While this activated aggressive stem-cell-like state is resistant to current therapies for pancreatic cancer, continued Barrett, the study has shown that ASCP can be targeted by drugs currently in clinical use for other cancers as well as non-cancer-related conditions.
Using multiple cancer analysis methods and platforms, including flow cytometry, copy number analysis, whole exome sequencing, variant calling and annotation, ATAC-seq, immunofluorescence, immunohistochemistry, single cell sequencing, and organoid cultures and treatments, the Mayo Clinic and TGen research team conducted what is believed to be the most in-depth analysis of ASCP tissue samples.

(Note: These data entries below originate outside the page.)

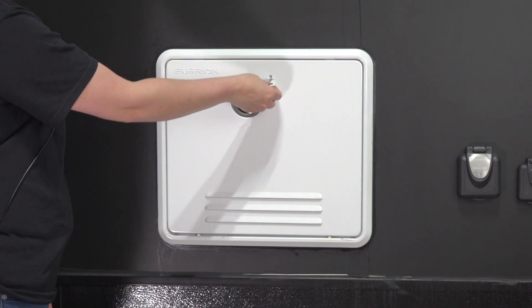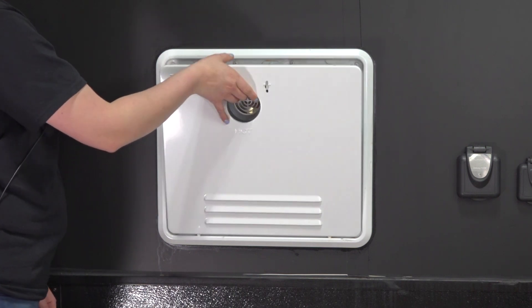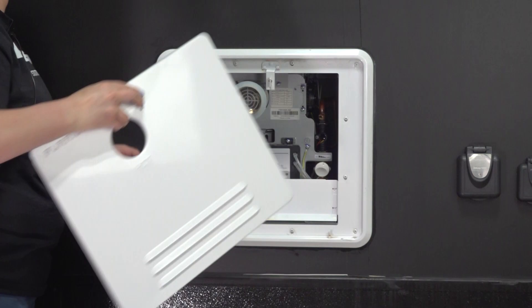Rotate the latch 90 degrees counterclockwise to release the door from the unit housing, then lift up to remove it from the assembly.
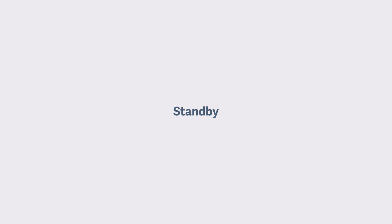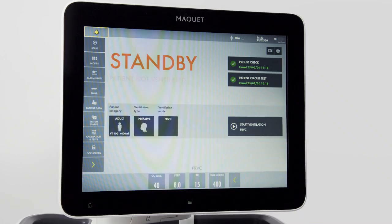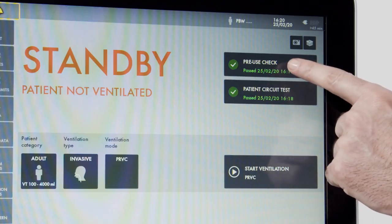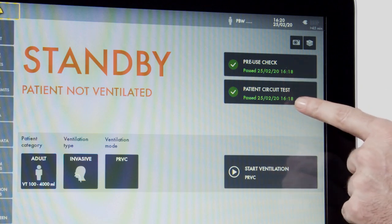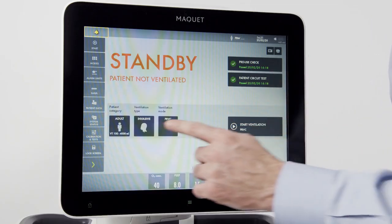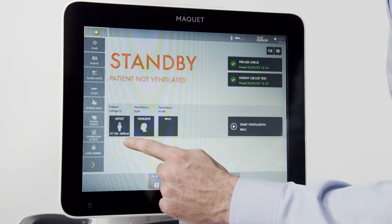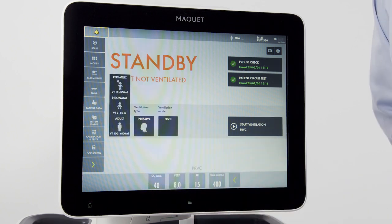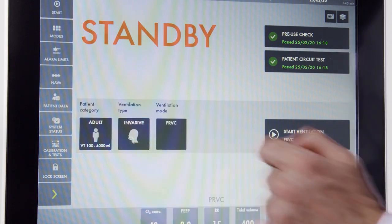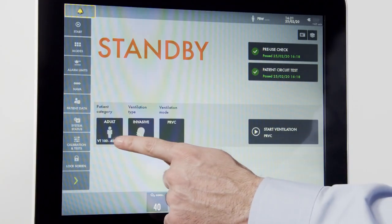Once the pre-use check is completed, we are taken to the standby screen. Note, no ventilation is occurring while we are on standby. In the upper corner, I can see the results of my pre-use check and my patient circuit test. I can also run the circuit test separately. Down here I have my patient category, where I can select pediatric, adult, or neonatal. For now, we will select adult.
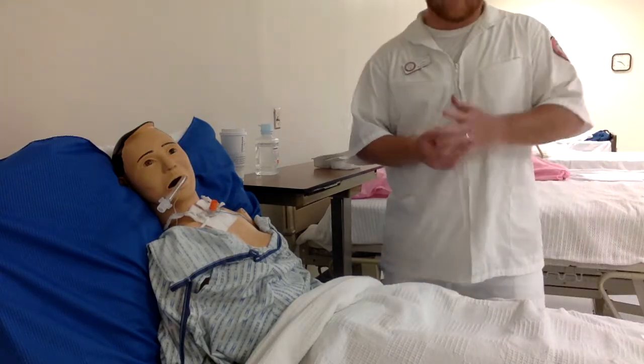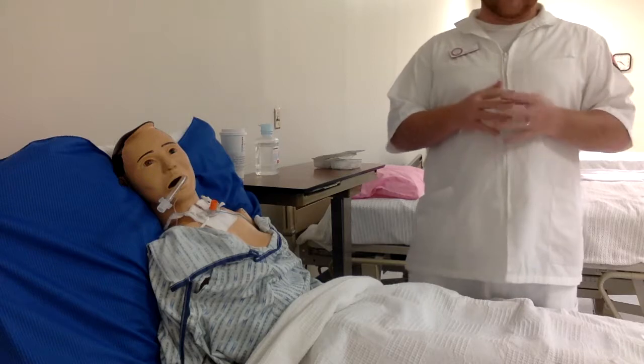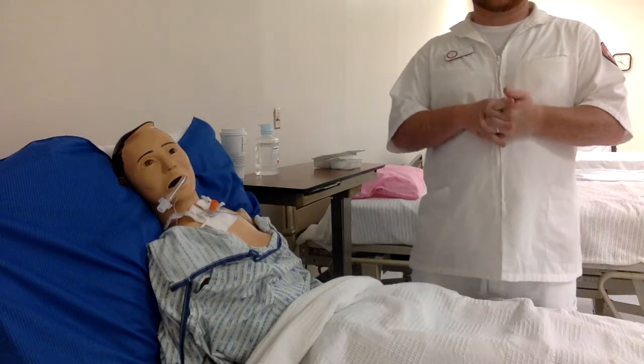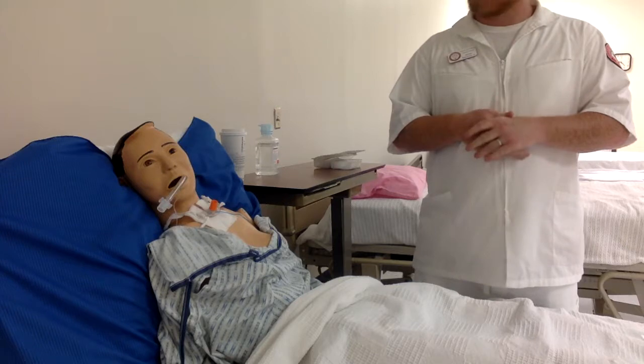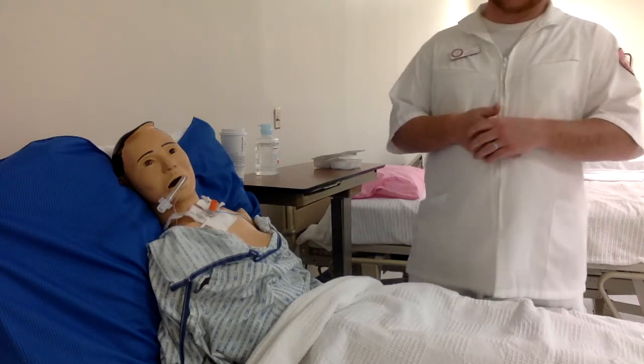Hello, my name is Altibioveno and today we're going to talk about tracheostomy suctioning. First off, you need to check your physician's orders compared to your procedure card. Make sure that the patient has a tracheostomy suctioning order.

Researchers identified multiple mutations and genomic variants that are common to both PDAC and the more aggressive ASCP. The team also identified two potential therapeutic targets unique to ASCP genomes: FGFR signaling, including an FGFR1-ERLIN2 gene fusion, and a pancreatic cancer stem cell regulator known as RORC.

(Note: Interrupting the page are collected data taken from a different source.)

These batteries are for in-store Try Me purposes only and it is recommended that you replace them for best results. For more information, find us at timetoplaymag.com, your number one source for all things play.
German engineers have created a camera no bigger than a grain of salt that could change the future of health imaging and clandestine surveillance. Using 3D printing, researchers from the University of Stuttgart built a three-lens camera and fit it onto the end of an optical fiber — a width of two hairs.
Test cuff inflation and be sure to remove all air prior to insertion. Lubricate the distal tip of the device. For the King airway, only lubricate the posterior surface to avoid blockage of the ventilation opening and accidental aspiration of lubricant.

These data provide a unique description of the ASCP genomic and epigenomic landscape and identify candidate therapeutic targets for this lethal cancer, the study pointed out.
Using organoids, scientists tested the activity and functional significance of candidate therapeutic targets. According to the study: “Specifically, organoids carrying the FGFR1-ERLIN2 fusion show a significant response to pharmacological FGFR inhibition,” providing new candidate targets for developing therapies for patients with ASCP.

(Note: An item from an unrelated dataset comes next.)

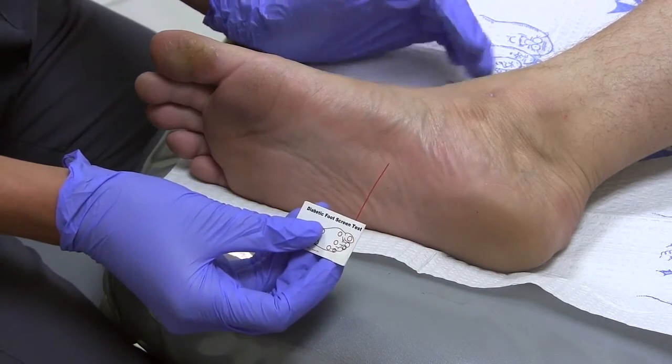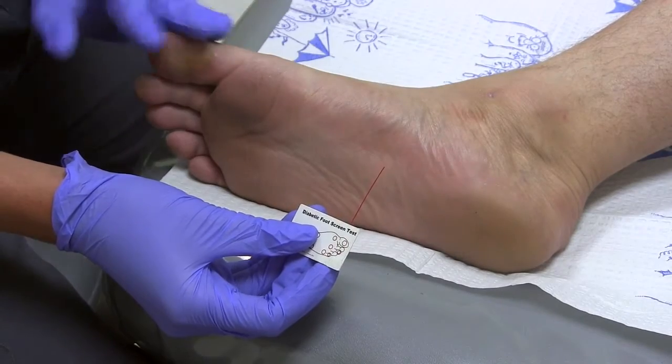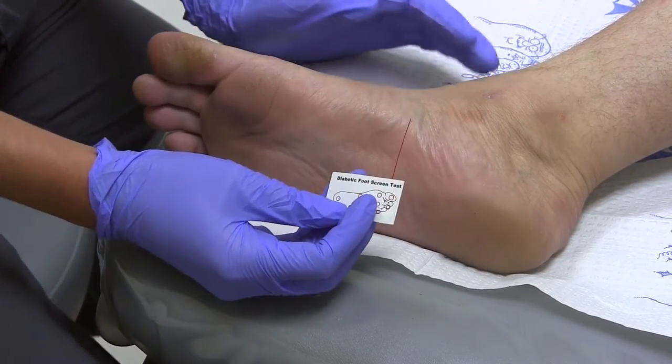The idea is to go on every part of the foot — the hindfoot, the midfoot, the forefoot, and all of the toes — and you assess it properly and record it into the chart. See you later.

In addition, the study noted, “To our knowledge, this is the first study to apply DNA content sorting to the genomic analysis of ASCP,” a method that purifies the cancer DNA from other cells and parts of cells, thereby eliminating any biological “noise” that might impede the precision of the analysis.
Using an interrogation tool known as ATAC-seq, researchers also identified RORC as another distinguishing feature of ASCP.
“Of significant interest will be clinical trials with FGFR and RORC inhibitors that include correlative studies of genomic and epigenomic lesions in both ASCP and PDAC,” according to the research team.